Source information:
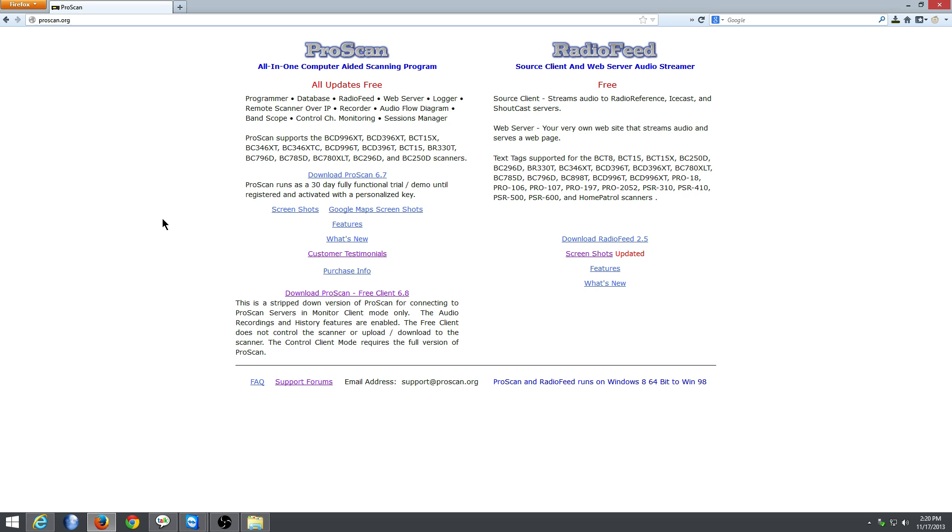You just come over here to ProScan.org and you get this bottom one here to the left, Download ProScan. We have tornado warnings going on. It says Download ProScan Free Client 6.8.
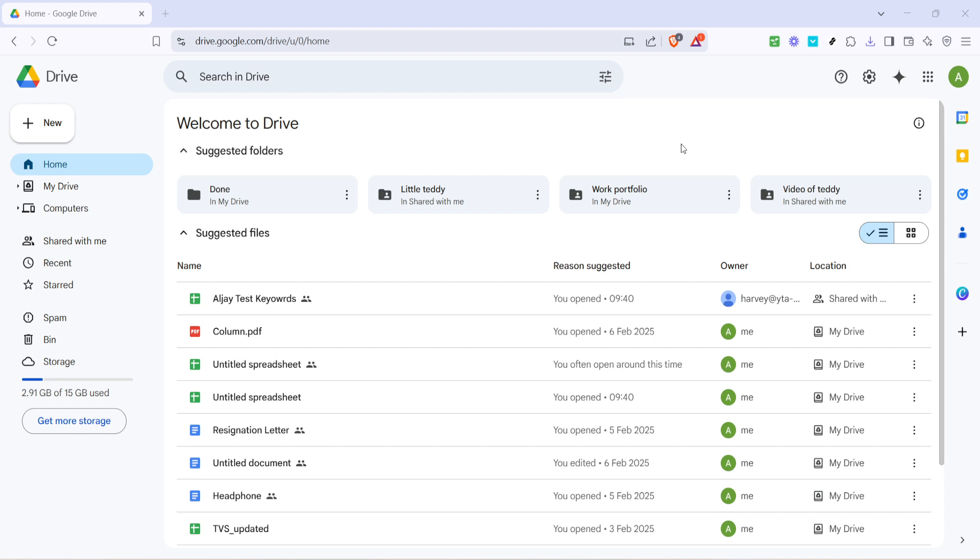Once you're logged in, you'll find yourself on the Google Drive home screen. This is where you can see all your files and folders organized neatly. If it's your first time here, don't worry, I'll guide you through everything.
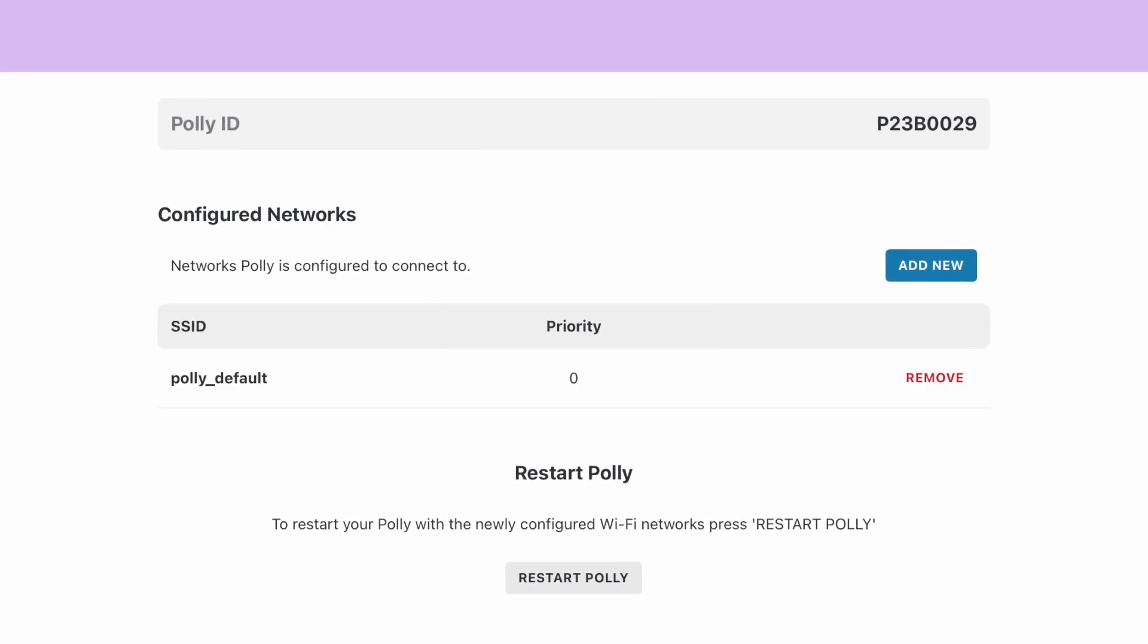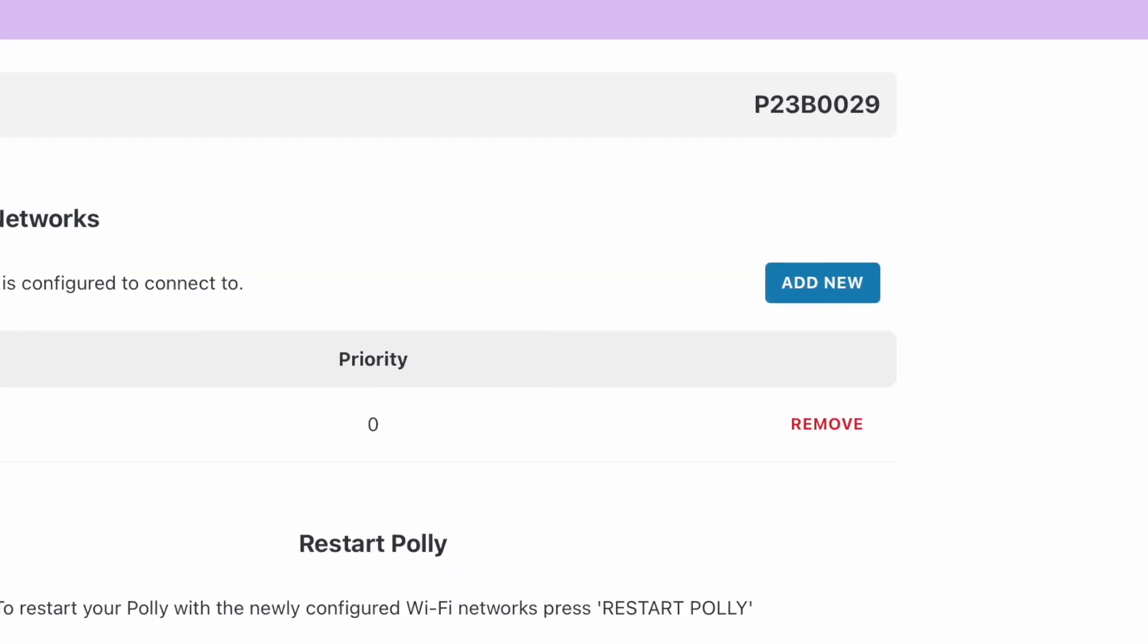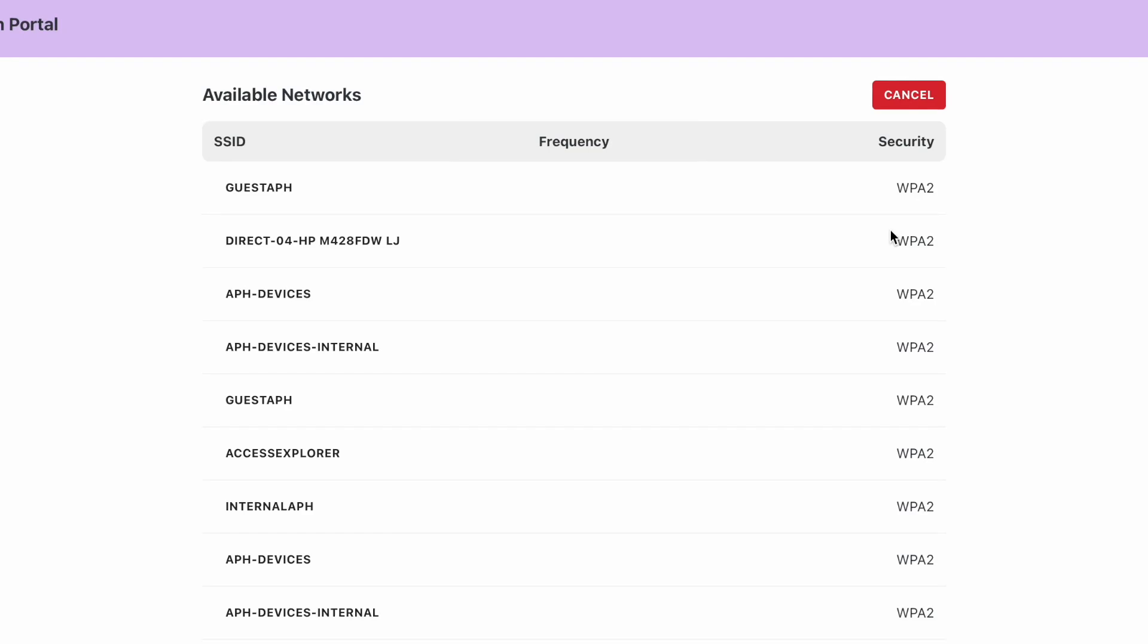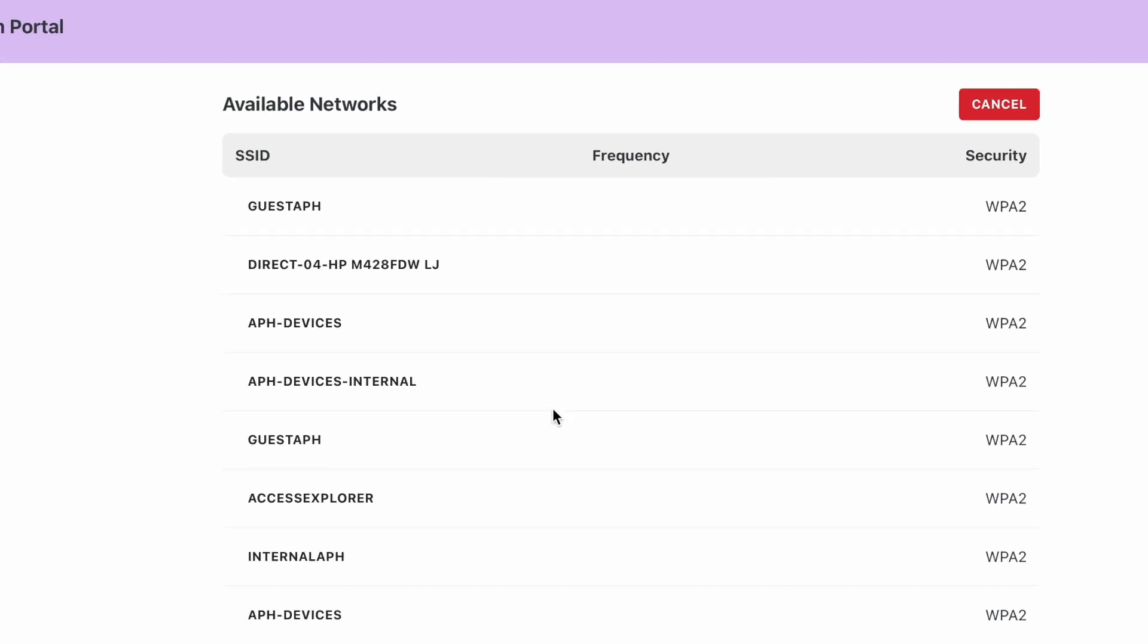Next, select the Add New button. The interface will navigate to a new screen showing the networks available to Poly. Select yours.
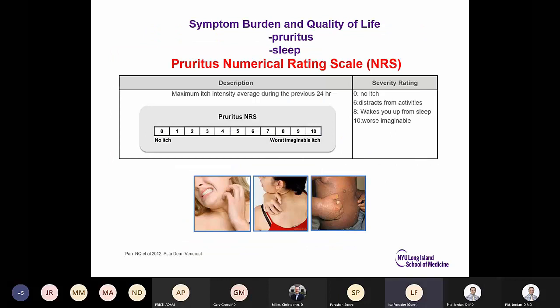To assess pruritus, since IGA alone does not capture it, use the Pruritus Numerical Rating Scale — ask the patient to rate from 0 to 10 based on the past 24 hours. Zero is no itch, ten is worst imaginable, eight wakes you from sleep, and six distracts you from activity.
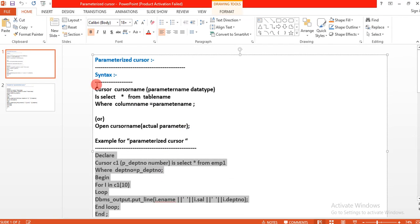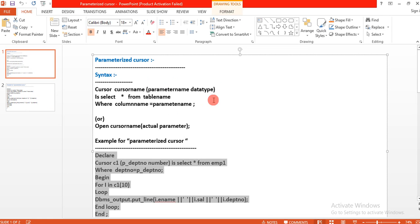This is the parameterized cursor used in cursors. In the next topic we'll discuss how to use functions and expressions in functions. Thank you for watching my videos — if you like, please subscribe to my channel and leave comments.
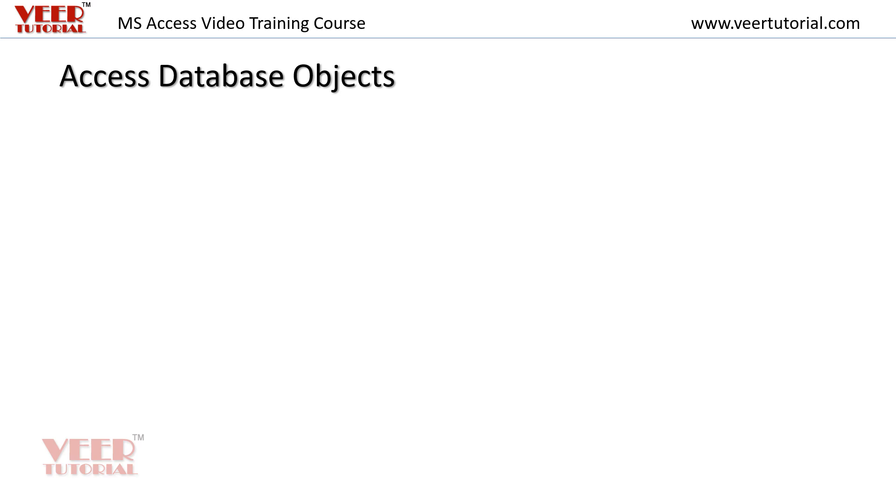Hello everyone, in this video we will discuss the different objects available in MS Access.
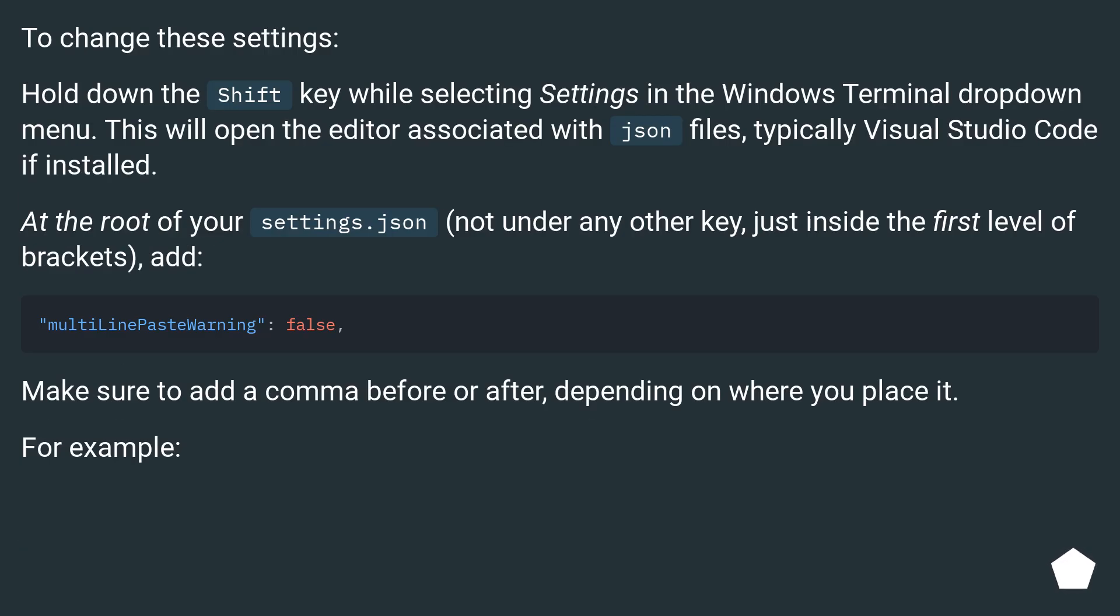To change these settings, hold down the shift key while selecting settings in the Windows Terminal dropdown menu. This will open the editor associated with JSON files, typically Visual Studio Code if installed.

Work to complete: Copy exactly the lines from the one containing "Hello everyone, in" to the end of the records, both included, and leave the pictures out.

Response to this task:
Hello everyone, in this video we will discuss the different objects available in MS Access.
To change these settings, hold down the shift key while selecting settings in the Windows Terminal dropdown menu. This will open the editor associated with JSON files, typically Visual Studio Code if installed.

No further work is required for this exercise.